ROOT /Markets for your attention

ROOT is fascinating. ROOT is creating a vault and a market for your attention metadata. Get some context from CEO Seth Goldstein’s talk at ETech. The interface looks like Ajax-y Bloomberg, which shouldn’t be surprising. Goldstein’s blog tagline says it all: “Somewhere between Wall Street and Madison Avenue lies the future of both.” ROOT is Madison Avenue meets Wall Street via Silicon Valley. There are plans to capture attention metadata from websites to videos to music to, well, just about anything that can leave behind metadata breadcrumbs. That data is yours to be stored in /Vault and can be “sold” via /Market. That’s when it all gets fuzzy to me.

Root 01

Doc Searls added a new wrinkle in the attention economy discussion by looking for intention. See Umair Haque, Scott Karp and Richard Giles for more reaction to ETech06 and the economy of attention/intention. The thing everyone appears to agree upon is that this centres on the buyer with an intended need/want/desire, not a seller with a need to sell. For further seminal thinking on the attention economy and the end of scarcity that goes all the way back to 1997, see Michael H. Goldhaber, “The Attention Economy and the Net”.

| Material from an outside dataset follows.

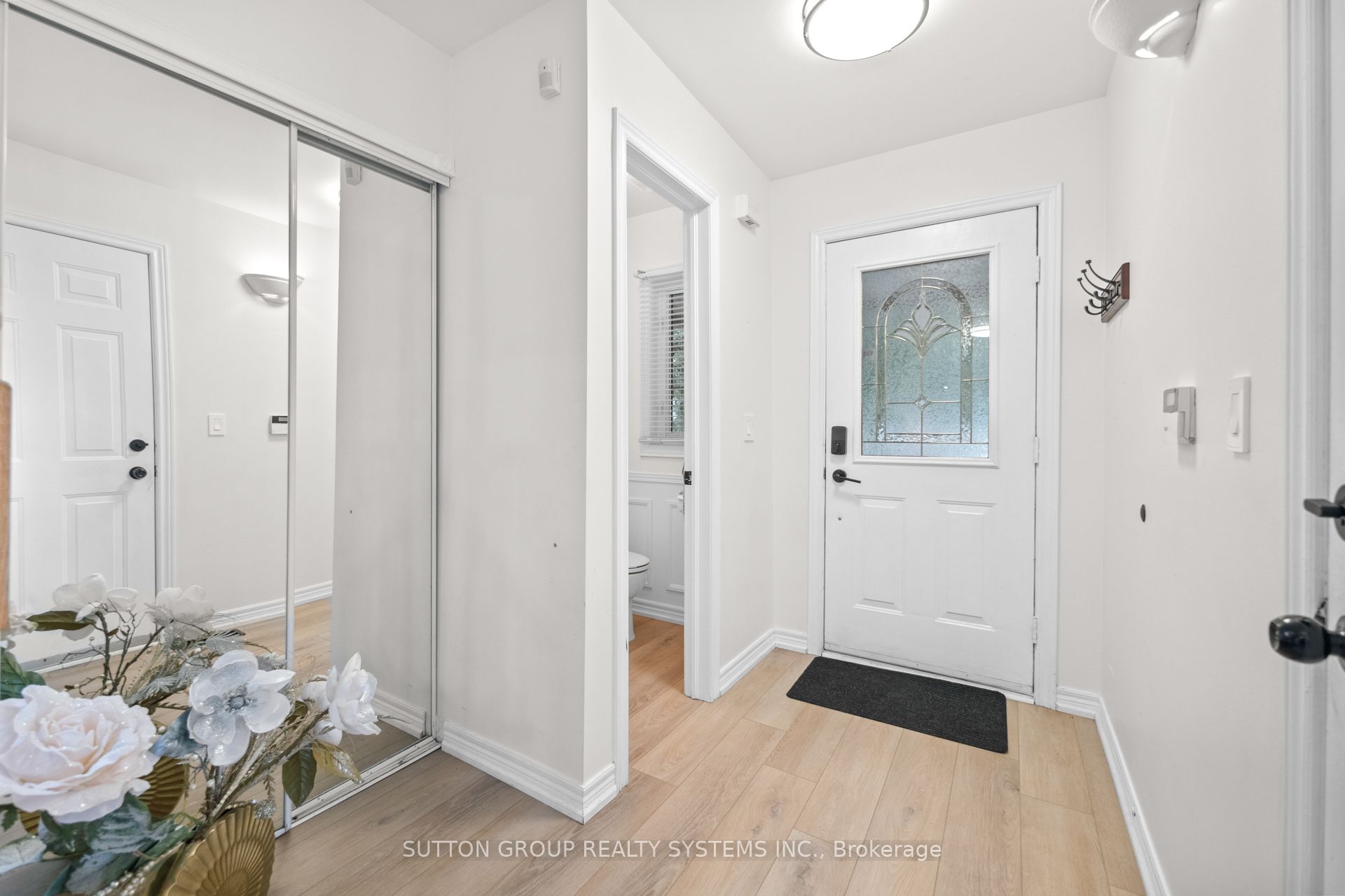 2871 Darien Road 35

ROOT probably couldn’t exist without, which acts as a nonprofit organization to create trust around this new marketplace:

Our Principles

When you pay attention to something (and when you ignore something), data is created. This “attention data” is a valuable resource that reflects your interests, your activities and your values, and it serves as a proxy for your attention.

AttentionTrust and our members believe that you have the following rights:

1. Property: You own your attention and can store it wherever you wish. You have CONTROL.
2. Mobility: You can securely move your attention wherever you want whenever you want to. You have the ability to TRANSFER your attention.
3. Economy: You can pay attention to whomever you wish and receive value in return. Your attention has WORTH.
4. Transparency: You can see exactly how your attention is being used. You can DECIDE who you trust.

      When you give your attention to any entity that’s an AttentionTrust member, these rights are guaranteed.

    This vault of attention data appears at first glance to raise all sorts of privacy red flags that would make it ripe for abuse. Having a nonprofit organization to act as an overseer to attention economics is an interesting solution, although nonprofits and NGOs have their own accountability problems and clearly the two boards (AttentionTrust & ROOT) are related. With that cautionary proviso, I like the principles around Property, Mobility, Economy and Transparency. I like the idea that I own my attention data, which is valuable, and I should be able to extract value from that data on my own terms. Part of that data includes data about what I ignore or what annoys me. And as far as attention abuse goes, the current broadcast-interruption model of advertising, data brokers, spam, unsolicited calls and invasion of public space is pretty much at saturation, so I welcome innovative alternatives. But it is unclear to me how ROOT will use my data, how I will be able control it in the market, and what problem is being solved at this point.

    Clearly mass media advertising is ripe for disintermediation, with the huge market inefficiencies stemming from billions in wasted ad dollars being deployed to interrupt people’s attention to the things they like in order to persuade them to buy stuff they don’t want. With eyeballs drifting away from closed network TV screens to open network web media, there is the prospect of a big problem: Bob Garfield’s “Chaos Scenario”. What happens to the $250 billion US advertising market if the old model breaks before a new model is ready to replace it? Garfield’s scenario is epic in scale, but tells a cautionary tale of what could plausibly happen if a new marketing model for the open network attention economy is not built soon. It’s an apocalyptic vision of the end of the consumer-industrial society as we know it, which some would welcome but many fear.

    It looks like ROOT is the first serious attempt at creating a market for attention that can support such a new marketing model. I’ll be watching with interest.